[EXTRACTED MATERIAL — start]

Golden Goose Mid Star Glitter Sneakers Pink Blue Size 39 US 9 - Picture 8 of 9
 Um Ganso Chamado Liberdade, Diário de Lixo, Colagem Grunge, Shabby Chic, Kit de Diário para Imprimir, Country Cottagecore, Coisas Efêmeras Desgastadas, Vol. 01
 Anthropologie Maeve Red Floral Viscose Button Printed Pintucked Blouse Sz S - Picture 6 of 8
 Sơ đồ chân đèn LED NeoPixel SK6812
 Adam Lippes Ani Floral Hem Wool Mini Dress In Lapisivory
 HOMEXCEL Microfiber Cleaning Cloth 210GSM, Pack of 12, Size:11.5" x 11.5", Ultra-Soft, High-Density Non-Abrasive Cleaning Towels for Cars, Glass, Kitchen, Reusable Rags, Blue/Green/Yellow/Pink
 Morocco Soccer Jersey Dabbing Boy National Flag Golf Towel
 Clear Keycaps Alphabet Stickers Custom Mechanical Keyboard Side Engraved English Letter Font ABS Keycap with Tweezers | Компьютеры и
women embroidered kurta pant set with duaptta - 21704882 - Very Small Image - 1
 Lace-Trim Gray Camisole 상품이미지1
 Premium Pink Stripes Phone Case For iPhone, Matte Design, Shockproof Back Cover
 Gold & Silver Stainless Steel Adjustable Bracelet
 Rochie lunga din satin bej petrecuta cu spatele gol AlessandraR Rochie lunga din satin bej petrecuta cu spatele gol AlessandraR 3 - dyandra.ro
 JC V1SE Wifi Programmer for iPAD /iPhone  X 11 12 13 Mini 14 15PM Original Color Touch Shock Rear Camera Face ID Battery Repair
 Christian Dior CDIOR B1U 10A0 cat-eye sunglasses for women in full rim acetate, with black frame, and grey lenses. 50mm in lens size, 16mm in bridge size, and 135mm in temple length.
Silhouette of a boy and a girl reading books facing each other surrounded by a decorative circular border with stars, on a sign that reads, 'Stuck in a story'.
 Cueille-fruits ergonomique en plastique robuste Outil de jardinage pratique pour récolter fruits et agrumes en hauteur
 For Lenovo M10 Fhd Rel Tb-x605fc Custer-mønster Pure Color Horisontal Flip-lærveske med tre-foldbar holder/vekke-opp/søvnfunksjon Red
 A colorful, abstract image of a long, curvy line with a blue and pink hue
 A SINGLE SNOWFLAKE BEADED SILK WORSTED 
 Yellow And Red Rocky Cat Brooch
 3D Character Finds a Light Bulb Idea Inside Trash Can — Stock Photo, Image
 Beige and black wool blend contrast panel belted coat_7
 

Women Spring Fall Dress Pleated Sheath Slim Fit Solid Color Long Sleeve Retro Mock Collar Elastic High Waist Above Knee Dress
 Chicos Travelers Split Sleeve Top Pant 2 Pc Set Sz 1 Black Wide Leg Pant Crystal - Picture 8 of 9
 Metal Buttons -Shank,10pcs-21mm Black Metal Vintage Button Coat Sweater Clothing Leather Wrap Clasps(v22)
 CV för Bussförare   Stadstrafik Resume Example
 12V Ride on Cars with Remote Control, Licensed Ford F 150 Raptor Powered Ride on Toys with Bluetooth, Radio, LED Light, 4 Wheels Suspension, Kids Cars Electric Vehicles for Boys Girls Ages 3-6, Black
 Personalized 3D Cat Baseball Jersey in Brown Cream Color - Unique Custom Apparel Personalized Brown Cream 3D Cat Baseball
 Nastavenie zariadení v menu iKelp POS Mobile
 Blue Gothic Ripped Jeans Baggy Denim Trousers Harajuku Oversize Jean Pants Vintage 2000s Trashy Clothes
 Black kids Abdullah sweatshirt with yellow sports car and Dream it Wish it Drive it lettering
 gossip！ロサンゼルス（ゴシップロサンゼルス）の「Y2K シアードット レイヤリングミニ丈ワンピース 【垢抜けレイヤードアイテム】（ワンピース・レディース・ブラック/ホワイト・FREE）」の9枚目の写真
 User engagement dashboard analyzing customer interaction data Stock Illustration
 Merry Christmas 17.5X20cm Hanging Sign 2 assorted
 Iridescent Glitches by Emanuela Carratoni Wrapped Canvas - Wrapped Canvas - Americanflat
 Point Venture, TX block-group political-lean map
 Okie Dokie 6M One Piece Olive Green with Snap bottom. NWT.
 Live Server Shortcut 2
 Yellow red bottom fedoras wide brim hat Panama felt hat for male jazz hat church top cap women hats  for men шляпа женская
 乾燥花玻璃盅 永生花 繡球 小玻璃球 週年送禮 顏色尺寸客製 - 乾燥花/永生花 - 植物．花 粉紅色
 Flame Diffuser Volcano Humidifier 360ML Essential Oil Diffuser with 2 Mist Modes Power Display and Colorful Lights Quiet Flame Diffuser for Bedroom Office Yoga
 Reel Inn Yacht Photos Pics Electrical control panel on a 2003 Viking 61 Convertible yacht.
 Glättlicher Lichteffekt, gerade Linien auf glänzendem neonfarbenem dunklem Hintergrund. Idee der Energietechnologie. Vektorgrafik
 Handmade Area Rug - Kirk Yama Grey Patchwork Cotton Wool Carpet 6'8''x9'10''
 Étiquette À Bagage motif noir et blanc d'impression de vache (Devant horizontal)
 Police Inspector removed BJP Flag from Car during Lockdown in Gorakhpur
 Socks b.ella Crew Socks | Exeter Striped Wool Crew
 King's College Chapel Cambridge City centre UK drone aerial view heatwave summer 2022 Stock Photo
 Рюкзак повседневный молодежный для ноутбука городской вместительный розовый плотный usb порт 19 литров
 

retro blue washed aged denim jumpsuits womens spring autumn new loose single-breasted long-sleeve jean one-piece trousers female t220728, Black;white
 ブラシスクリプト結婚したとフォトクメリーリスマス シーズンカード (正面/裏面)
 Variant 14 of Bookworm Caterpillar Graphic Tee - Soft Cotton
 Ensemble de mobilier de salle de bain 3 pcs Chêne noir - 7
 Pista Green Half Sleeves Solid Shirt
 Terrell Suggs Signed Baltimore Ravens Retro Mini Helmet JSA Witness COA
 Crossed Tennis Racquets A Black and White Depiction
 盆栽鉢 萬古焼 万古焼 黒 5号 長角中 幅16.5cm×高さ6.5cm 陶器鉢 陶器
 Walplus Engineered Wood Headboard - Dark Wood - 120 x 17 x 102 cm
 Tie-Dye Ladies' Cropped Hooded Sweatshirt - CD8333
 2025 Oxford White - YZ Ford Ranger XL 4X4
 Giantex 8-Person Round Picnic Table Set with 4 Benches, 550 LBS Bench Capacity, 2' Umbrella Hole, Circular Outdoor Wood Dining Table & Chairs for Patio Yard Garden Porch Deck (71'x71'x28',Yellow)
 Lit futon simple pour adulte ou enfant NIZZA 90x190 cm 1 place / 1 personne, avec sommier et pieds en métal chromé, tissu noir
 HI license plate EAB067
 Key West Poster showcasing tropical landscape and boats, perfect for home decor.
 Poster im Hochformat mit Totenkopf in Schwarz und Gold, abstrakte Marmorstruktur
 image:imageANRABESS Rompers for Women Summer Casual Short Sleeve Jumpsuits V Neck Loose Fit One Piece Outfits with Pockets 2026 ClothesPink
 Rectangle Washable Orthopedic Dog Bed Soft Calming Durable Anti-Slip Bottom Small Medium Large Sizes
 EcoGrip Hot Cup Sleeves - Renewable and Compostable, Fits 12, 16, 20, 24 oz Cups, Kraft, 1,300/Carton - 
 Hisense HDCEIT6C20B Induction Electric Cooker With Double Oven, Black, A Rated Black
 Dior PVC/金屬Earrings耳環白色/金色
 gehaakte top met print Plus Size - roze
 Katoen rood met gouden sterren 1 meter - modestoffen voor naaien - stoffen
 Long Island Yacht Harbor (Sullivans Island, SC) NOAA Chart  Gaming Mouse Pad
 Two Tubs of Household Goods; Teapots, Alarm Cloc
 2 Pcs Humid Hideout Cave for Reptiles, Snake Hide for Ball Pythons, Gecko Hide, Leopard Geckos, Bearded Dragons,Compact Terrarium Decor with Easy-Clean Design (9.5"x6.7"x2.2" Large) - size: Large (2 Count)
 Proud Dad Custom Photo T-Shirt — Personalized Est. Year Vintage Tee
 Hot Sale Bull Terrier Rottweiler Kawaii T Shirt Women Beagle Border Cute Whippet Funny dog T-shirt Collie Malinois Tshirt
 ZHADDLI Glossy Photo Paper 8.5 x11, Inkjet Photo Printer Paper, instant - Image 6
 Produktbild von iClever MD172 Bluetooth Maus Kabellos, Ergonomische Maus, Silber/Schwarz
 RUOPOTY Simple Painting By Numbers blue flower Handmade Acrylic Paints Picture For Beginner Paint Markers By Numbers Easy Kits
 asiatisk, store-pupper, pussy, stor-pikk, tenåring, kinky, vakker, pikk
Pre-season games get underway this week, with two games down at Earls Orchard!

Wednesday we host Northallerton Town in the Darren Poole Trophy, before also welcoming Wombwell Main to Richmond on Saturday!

[EXTRACTED MATERIAL — finish]

• WHAT YOU NEED TO DO
Go through the data, and copy each line in which the word "Dress" appears.

• ANSWER FOR THIS EXERCISE
 Adam Lippes Ani Floral Hem Wool Mini Dress In Lapisivory
Women Spring Fall Dress Pleated Sheath Slim Fit Solid Color Long Sleeve Retro Mock Collar Elastic High Waist Above Knee Dress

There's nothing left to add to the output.